/---

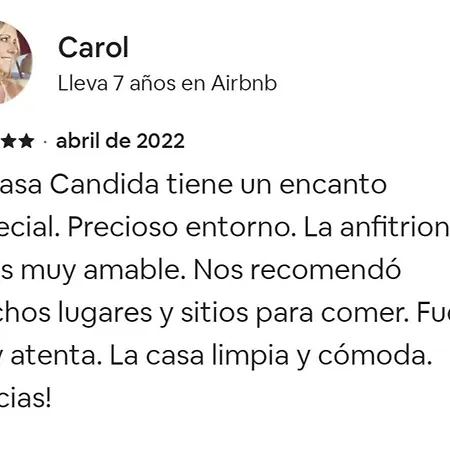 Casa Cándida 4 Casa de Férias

\---
/---

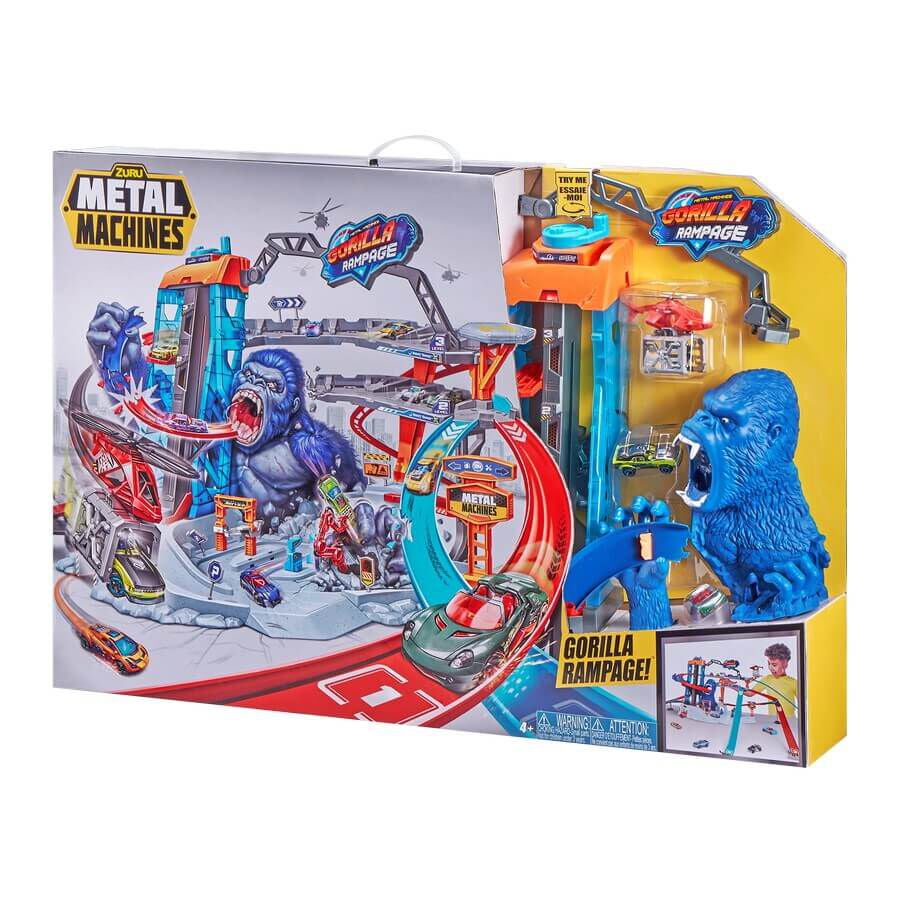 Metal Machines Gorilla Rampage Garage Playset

\---
/---

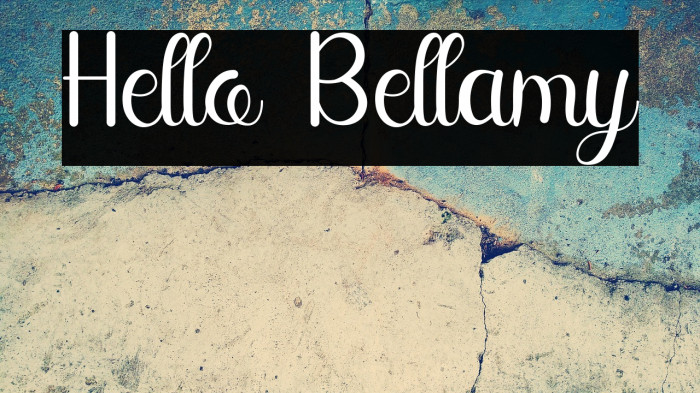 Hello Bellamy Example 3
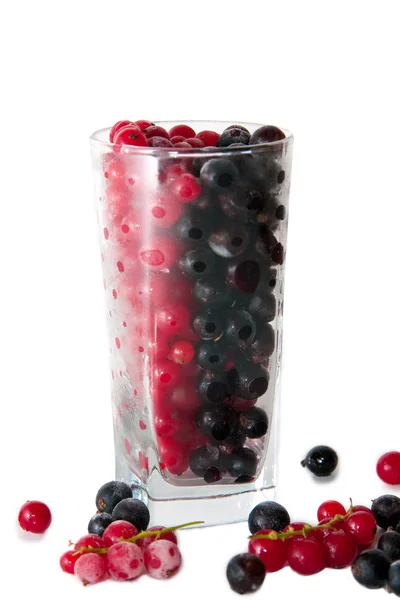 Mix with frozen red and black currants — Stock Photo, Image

\---

[Problem to work on]:
Find where the line with "Hello Bellamy Example 3" sits in the material above and where the line with "Mix with frozen" sits. Set down exactly the lines from the first to the second, both included and nothing else, without pictures.

[Response to the exercise]:
 Hello Bellamy Example 3
 Mix with frozen red and black currants — Stock Photo, Image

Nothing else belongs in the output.